Mmm Richard Armitage.

Nov 15, 2005 07:46

Um, I mean,'A review of Macbeth' - caught the last note of Eastenders so discovered that the BBC are branding his series (and branding is the only word) as ShakespeaRe Told. I want to find the person who suggested that, the one that approved it with a comedy fish in hand so I can slap their cheeks. Trendy thickos.

It was very, very stylish - I mean there were lots of gorgeously frames shots, and the colour scheme, mainly monochrome, so the strongest colour was the dull silver of the knives - apart from the red blood. THe blood that Macbeth was seeing really was effective and sick, but you don't go and watch Macbeth to enjoy yourself, or I don't, anyway. They got the creepiness and the growing psychoses and guilt and horribleness across well.

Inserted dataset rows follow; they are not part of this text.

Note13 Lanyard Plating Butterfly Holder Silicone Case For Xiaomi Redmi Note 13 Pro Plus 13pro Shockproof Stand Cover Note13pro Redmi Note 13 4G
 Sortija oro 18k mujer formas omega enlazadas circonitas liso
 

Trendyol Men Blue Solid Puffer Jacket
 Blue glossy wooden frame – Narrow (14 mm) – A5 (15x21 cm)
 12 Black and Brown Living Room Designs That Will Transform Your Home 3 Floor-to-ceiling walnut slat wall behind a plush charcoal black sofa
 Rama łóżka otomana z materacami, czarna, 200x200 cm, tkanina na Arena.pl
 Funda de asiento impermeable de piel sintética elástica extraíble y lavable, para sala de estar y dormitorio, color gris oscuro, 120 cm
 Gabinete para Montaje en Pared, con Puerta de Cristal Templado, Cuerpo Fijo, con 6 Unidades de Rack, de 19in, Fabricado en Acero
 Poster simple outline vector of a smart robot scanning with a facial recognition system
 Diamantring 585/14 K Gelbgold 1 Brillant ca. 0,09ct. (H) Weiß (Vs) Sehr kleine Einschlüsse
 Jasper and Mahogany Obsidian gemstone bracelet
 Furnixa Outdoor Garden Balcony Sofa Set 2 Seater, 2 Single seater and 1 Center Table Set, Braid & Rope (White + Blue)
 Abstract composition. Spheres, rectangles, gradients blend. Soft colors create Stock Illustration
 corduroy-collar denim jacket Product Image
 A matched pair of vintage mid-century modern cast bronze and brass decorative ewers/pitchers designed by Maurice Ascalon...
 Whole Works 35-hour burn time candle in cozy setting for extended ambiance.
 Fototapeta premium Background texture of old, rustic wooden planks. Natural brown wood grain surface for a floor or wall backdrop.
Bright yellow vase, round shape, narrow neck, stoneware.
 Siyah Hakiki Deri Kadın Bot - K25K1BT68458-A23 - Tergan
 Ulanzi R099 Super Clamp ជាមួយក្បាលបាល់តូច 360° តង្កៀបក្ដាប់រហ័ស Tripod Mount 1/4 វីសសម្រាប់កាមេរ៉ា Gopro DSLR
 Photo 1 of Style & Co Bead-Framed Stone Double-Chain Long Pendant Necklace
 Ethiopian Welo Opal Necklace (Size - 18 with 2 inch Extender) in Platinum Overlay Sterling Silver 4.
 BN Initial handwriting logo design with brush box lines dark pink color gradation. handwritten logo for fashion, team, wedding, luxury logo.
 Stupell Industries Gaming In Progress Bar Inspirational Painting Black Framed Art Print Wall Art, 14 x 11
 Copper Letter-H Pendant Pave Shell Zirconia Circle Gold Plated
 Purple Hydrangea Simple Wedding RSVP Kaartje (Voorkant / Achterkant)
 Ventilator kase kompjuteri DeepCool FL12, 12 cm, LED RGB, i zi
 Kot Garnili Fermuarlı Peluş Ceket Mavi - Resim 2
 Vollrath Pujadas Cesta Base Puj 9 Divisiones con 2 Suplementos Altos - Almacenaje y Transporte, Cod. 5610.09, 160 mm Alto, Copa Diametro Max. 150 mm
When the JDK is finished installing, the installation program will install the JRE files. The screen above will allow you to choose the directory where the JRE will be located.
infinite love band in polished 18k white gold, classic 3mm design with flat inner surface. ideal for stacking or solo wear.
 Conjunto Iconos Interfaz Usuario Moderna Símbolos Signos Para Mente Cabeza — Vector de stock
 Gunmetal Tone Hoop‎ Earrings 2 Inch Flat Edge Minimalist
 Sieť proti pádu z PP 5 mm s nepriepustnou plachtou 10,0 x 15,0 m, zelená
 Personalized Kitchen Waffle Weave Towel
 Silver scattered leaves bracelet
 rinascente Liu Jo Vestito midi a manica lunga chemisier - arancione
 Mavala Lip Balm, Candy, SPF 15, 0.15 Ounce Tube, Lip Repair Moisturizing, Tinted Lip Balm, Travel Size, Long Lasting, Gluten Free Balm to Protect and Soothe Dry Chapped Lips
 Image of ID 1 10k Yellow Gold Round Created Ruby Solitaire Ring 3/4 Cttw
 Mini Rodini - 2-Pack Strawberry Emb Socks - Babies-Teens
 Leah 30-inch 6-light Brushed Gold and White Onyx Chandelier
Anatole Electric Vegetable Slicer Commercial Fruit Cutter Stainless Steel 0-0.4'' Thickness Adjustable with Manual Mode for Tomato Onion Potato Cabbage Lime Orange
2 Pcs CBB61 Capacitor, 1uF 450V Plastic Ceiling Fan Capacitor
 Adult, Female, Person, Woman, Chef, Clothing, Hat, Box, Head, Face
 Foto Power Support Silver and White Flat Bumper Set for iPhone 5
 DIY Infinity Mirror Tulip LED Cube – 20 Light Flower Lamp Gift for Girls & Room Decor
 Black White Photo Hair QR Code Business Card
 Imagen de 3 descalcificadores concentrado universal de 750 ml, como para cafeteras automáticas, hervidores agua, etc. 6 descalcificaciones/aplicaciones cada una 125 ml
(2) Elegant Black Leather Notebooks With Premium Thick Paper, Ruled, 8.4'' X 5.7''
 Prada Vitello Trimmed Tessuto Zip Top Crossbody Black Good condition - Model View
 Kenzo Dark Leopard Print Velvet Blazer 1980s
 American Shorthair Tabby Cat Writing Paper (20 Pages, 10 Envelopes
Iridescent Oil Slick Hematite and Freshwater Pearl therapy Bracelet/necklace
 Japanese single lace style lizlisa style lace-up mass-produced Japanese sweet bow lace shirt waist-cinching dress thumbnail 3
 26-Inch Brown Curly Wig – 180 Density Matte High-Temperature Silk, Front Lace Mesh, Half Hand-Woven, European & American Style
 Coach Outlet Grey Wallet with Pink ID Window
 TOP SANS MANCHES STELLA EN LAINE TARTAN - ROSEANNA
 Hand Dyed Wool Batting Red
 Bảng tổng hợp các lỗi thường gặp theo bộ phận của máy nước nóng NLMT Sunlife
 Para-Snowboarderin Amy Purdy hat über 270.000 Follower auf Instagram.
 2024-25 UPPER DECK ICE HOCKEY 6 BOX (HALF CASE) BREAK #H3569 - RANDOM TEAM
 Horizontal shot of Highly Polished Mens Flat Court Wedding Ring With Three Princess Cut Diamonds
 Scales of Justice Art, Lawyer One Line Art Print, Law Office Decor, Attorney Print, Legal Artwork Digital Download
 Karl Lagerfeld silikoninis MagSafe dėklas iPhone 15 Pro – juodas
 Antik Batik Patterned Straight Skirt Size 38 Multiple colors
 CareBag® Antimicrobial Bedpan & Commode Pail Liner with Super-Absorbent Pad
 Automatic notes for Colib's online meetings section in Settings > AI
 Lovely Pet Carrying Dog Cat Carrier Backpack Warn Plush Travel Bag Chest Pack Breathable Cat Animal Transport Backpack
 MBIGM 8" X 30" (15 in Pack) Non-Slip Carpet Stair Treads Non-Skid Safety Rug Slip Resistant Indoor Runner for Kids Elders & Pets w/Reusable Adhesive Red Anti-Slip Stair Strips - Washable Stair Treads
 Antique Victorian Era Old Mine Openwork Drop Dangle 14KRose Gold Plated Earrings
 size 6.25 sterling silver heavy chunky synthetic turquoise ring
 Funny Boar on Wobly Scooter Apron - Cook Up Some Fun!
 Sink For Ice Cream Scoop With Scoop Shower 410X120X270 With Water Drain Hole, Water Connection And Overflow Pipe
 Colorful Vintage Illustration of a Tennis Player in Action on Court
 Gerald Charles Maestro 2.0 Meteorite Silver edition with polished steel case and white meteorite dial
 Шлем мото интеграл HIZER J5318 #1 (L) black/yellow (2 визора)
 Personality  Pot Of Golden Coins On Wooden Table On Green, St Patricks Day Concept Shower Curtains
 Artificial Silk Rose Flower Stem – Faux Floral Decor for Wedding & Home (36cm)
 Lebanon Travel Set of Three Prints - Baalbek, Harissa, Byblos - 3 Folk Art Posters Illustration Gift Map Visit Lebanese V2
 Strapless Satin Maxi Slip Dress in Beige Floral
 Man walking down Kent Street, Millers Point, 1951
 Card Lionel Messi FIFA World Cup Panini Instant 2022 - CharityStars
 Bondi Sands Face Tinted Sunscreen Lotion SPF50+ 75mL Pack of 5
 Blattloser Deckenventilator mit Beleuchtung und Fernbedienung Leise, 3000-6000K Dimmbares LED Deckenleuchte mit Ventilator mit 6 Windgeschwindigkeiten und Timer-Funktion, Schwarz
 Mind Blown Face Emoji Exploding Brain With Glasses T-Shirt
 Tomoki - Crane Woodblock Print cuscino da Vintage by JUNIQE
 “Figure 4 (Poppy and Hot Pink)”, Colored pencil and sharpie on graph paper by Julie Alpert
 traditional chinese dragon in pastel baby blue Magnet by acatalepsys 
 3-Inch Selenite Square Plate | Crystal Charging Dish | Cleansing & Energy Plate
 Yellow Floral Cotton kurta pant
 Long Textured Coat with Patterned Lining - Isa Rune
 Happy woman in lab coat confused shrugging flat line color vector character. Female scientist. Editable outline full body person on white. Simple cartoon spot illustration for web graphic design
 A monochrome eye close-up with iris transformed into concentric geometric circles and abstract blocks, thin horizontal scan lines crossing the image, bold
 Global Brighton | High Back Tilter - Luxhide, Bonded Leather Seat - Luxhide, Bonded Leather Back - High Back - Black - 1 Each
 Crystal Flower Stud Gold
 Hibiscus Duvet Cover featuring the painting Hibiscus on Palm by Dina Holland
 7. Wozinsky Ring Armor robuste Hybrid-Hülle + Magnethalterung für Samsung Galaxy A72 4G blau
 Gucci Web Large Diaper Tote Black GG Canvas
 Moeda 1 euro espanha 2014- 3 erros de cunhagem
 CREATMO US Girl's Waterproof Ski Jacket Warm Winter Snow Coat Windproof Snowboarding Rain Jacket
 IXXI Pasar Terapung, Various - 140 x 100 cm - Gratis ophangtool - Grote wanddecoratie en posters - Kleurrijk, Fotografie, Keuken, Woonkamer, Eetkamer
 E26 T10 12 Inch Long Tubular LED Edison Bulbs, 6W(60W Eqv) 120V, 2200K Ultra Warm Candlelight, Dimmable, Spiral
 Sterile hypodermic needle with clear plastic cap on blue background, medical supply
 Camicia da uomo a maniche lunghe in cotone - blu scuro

The acting too, was great (is that James Macavoy's real accent? Must remember to listen out in his interviews for Narnia). Keely Hawes played his lady as a femme fatale who cracked, which was just right, and the scenes where she did lose it were really, really affecting, she's an excellent actress. And there was Richard "Mr Thornton" Armitage (spot the Gaskell adaptation connection) as MacDuff. He really ought to do some kind of thriller where he is wearing a lot of black and walking around broodily in the gloom, because he'd do it stupendously.

My beef (ha, suitable choice of word) was with the writing though. When they kept it simple, it worked, Hawes's character had too much allusory imagery. The singing and the bragadaccio of the kitchen worked (and I thought it was a brilliant transfer for Scotland, a fiefdom, all men together battling against all that could go wrong with their meals.) The most effective meld of poetry and situational adaptation (or at least they grew on me) was the bin men as the weird sisters. They tied in nicely with the murder plot, their knowingness was almost explained and they were truly weird. (Although it occurs to me now that the writer got the idea from Camino Real???)

But things like the reference to Shakespeare in an adaptation of a tragedy? No. And again no. You can get away with it in a comedy, specially the lighter ones, but no.

Looking forward to the updating of The Taming of the Shrew because Rufus Sewell! (Will forget he was ever in the Zorro sequel) and Shirley Henderson who is fab.